Louis Dreyfus and Nature Conservancy collab could grow to solicit capital

The Nature Conservancy’s Michael Wironen says the pair contemplate ‘there will be an interest and need in attracting capital’ as the regenerative ag and habitat conservation partnership develops.

A collaboration between Louis Dreyfus Company and non-profit The Nature Conservancy could eventually solicit capital to support regenerative agricultural practices and efforts to eliminate deforestation and conversion of agricultural land.

Netherlands-headquartered LDC and Virginia-based TNC said they will work to promote and implement regenerative and habitat conservation practices in an announcement earlier this month. Initial focus will be on sustainability in production of grains, oilseeds, cotton and coffee in North and South America.

Greg Fishbein, TNC’s director of agriculture finance, told affiliate title Agri Investor the LDC collaboration is at its early stages and still focused on building on existing work developing financial mechanisms and incentives to encourage shifts in farmer behaviour. He explained that although TNC’s NatureVest unit – which helps connect investors with relevant sustainability opportunities when appropriate – is not yet involved in its partnership with LDC, that could change as the projects develop.

“We certainly contemplate that, as those [projects] get further fleshed out, there will be an interest and need in attracting capital to that, including various forms of capital including working with banks but potentially investors of various types in funds that could be set up to support that,” he said. “That’s part of the partnership; to figure out what those products and mechanisms are and how to attract the capital.”

The collaboration includes a pillar dedicated to regenerative agriculture with an initial focus on the US, Canada, Brazil and Argentina, as well as an expansion of an existing collaboration between LDC and TNC on deforestation and conversion-free production that has focused largely on Brazil.

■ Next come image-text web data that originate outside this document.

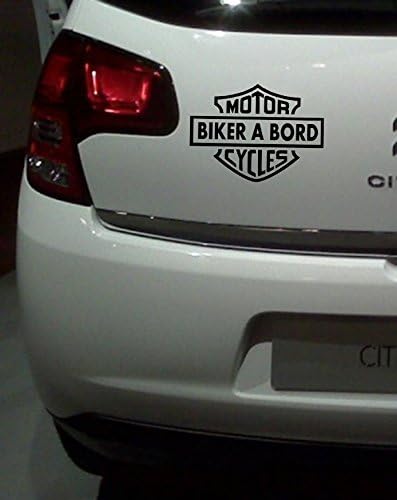 Bebe Motard A Bord Noir Par I Sticker cm Autocollant Pour Voiture Vitre Arriere Cadeaux Et Produits Derives Family Boost Autocollants Bebe A Bord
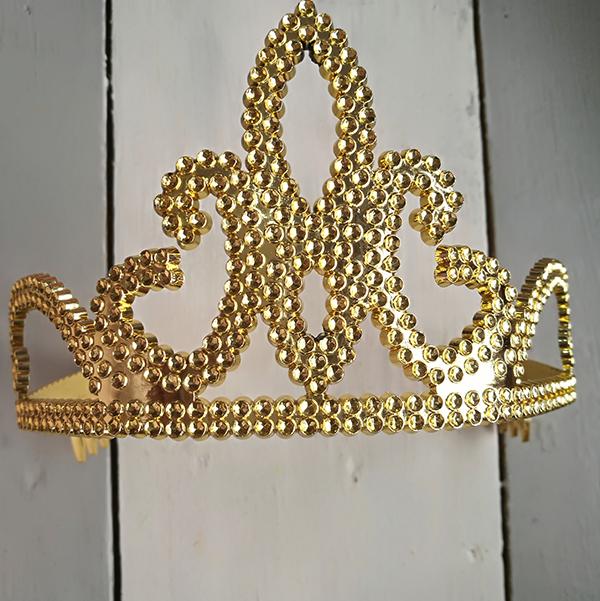 Gold Tiara Dress up Party Supplies PartyLady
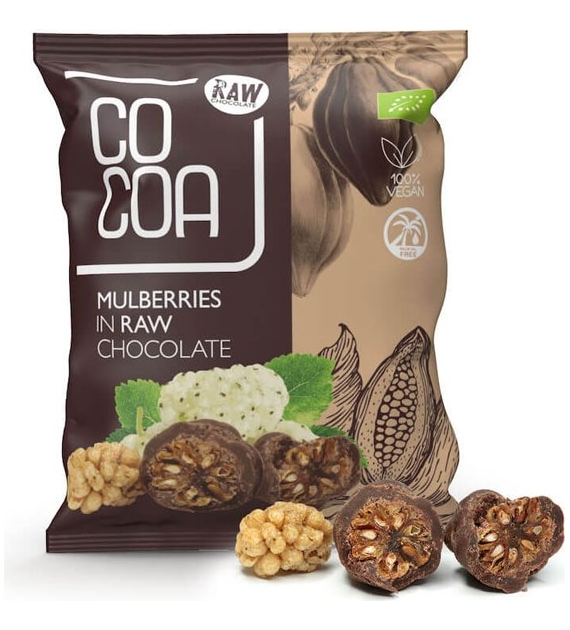 Morwy tureckie w surowej czekoladzie RAW 70g COCOA BIO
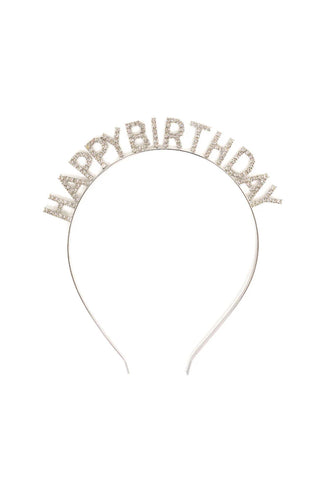 Great Pretenders Happy Birthday Rhinestone Headband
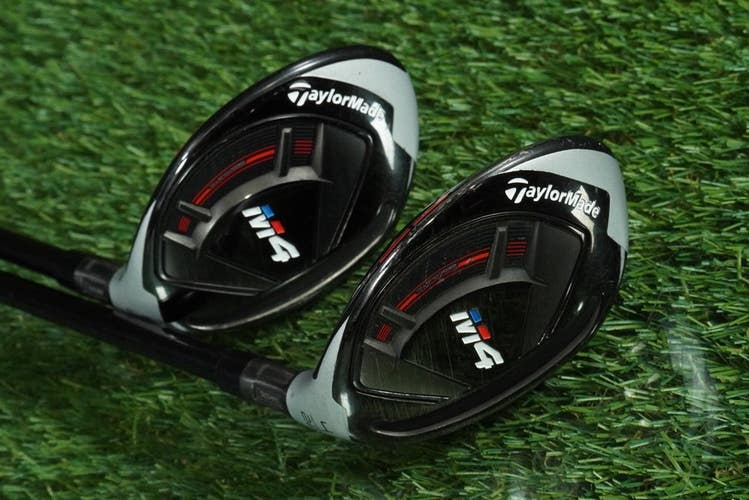 TAYLORMADE M4 HYBRID SET 4H,6H ATMOS FUJIKURA 5A GRAPHITE SENIOR RH 22 28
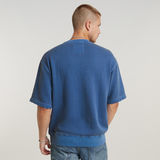 G-STAR Outlet Overdyed Loose Sweater Medium blue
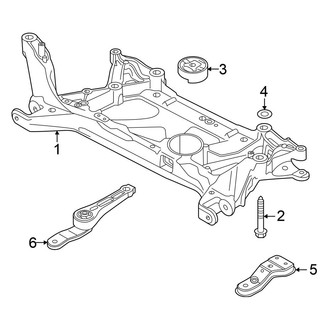 Volkswagen OE - Front Suspension - Suspension Mounting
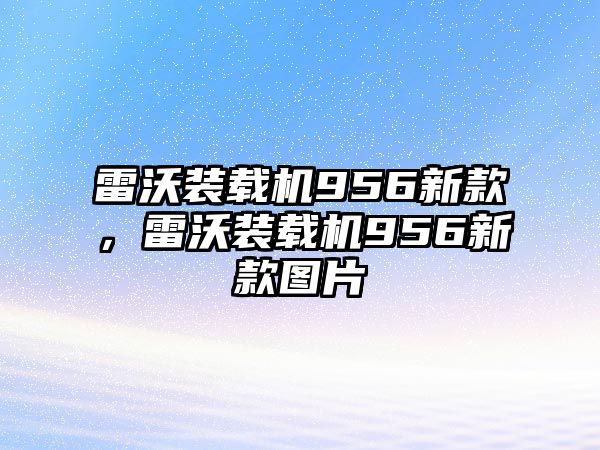 雷沃裝載機(jī)956新款，雷沃裝載機(jī)956新款圖片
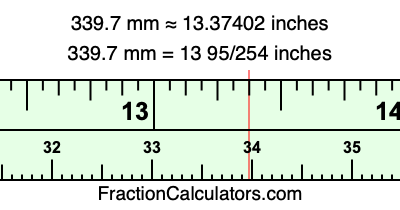339.7 mm in inches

Also included within the two organisations’ plans are projects focused on citrus farming in Brazil and coffee production in Vietnam, Indonesia, Uganda and elsewhere.

TNC director of corporate engagement for food and water Michael Wironen told Agri Investor the partnership with LDC comes at a time when companies throughout the ag supply chain are engaging on regenerative agriculture without a particularly robust understanding of what it entails.

“What LDC has recognised is that if they want to be successful as these critical intermediaries between producers and the market, they are going to be asked by the customers to deliver regenerative commodities that meet certain environmental attributes. To do that they need to have robust and credible ways of measuring impact in exactly the same way as a KPI-linked bond or some other financial instrument with environmental performance criteria might have,” said Wironen, who joined TNC in 2018 after 10 years as a senior sustainability specialist at New York-headquartered consultancy Ecology and Environment, according to his LinkedIn profile.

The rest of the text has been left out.